No comprendí a qué se refería, y ella cogió una de las tiras de papel y leyó, primero en inglés: «No te querelles ni laves tus trapos sucios en público, porque la suciedad irá a parar al vencedor». Entonces me tradujo al chino: «No debes pelearte y hacer la colada al mismo tiempo, Si ganas, se te ensuciará la ropa».

Yo seguía sin saber lo que quería decir. Entonces cogió otra tira de papel y leyó en inglés: «El dinero es la raíz de todos los males. Mira a tu alrededor y ahonda más». Y me explicó en chino: «El dinero es una mala influencia. Te vuelves descontento y robas tumbas».

– ¿Qué son estas tonterías? -le pregunté, guardándome las tiras de papel en el bolsillo, con la intención de estudiar los proverbios norteamericanos clásicos.

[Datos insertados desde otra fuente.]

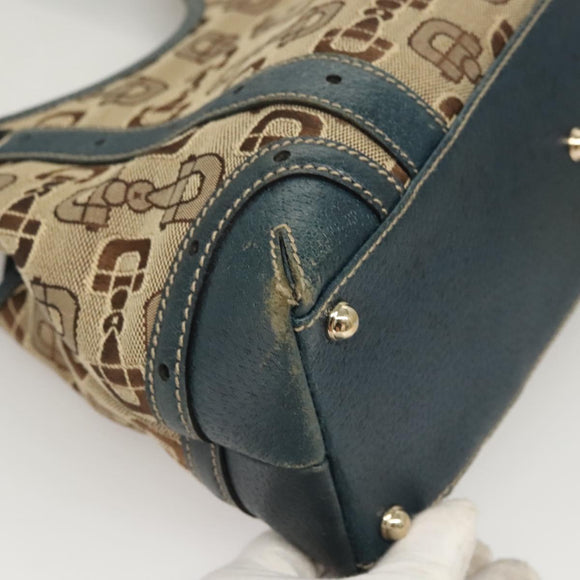 GUCCI Horsebit Hand Bag Canvas Beige Gold 145761 Auth 125532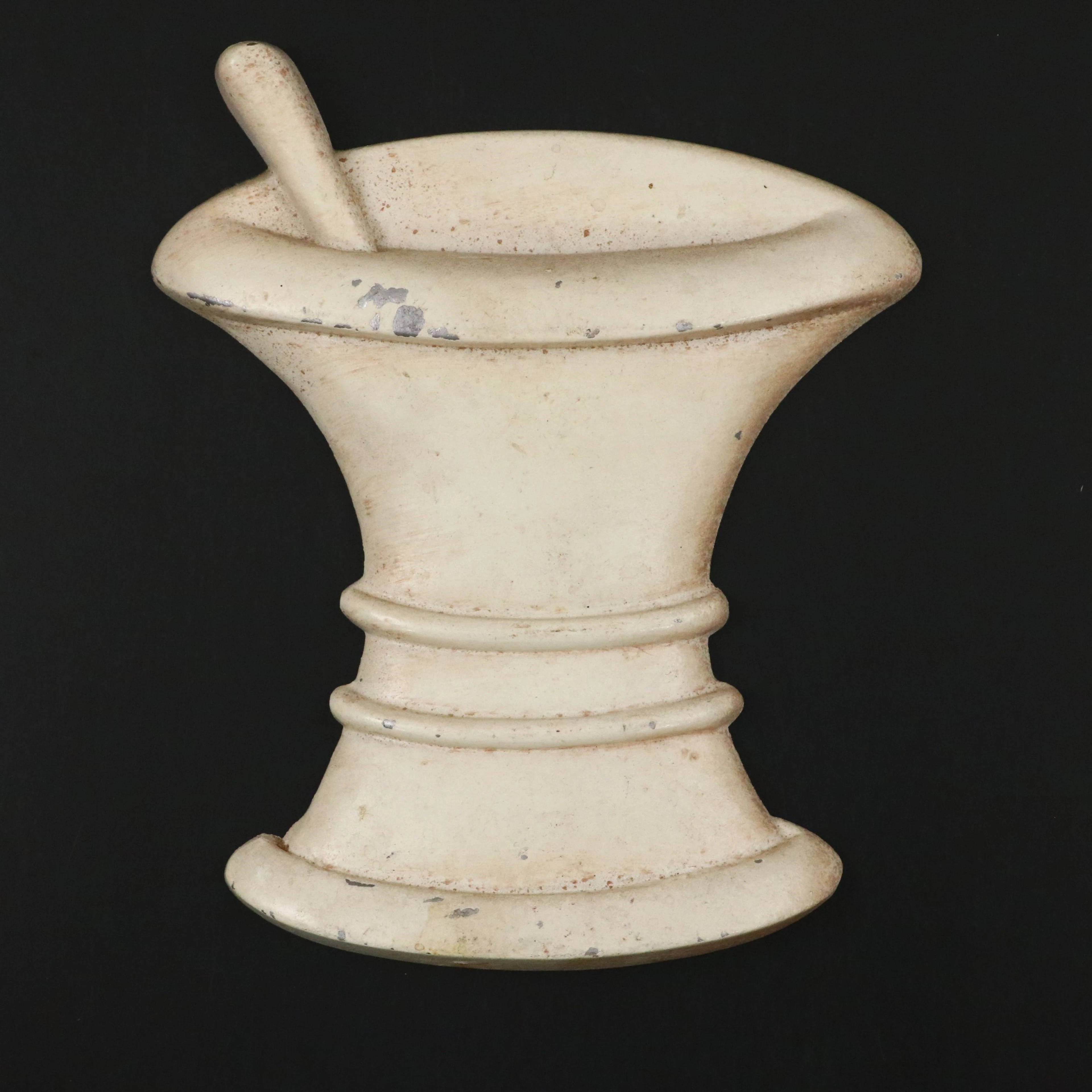 Vintage Midwest Painted Metal Mortar and Pestle Wall Hanging
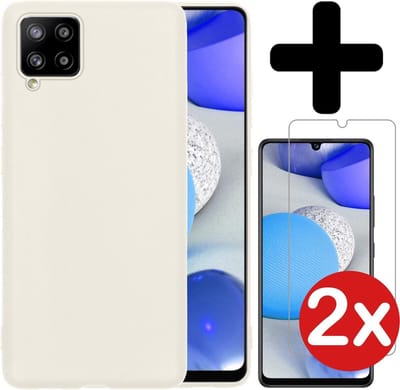 Hoesje - Met 2x Screenprotector - Geschikt voor Samsung Galaxy A42 - Sterk & Shockproof - Telefoon Hoes - Back Cover - Siliconen Case - Telefoonhoes - Wit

– Son tiras de la suerte. Los norteamericanos creen que los chinos escriben estas cosas.

– ¡Pero jamás decimos unas cosas tan absurdas! Estos no son horóscopos ni buenaventuras, sino malas instrucciones.

– No, señorita -dijo ella, riendo-. Son tiras de la suerte. Tenemos la mala suerte de estar aquí, metiendo las tiras en las galletas, y otros tienen la mala suerte de comprarlas.

[7] Confusión debida a las distintas acepciones de save, entre ellas «salvar y «ahorrar». (N. del T.)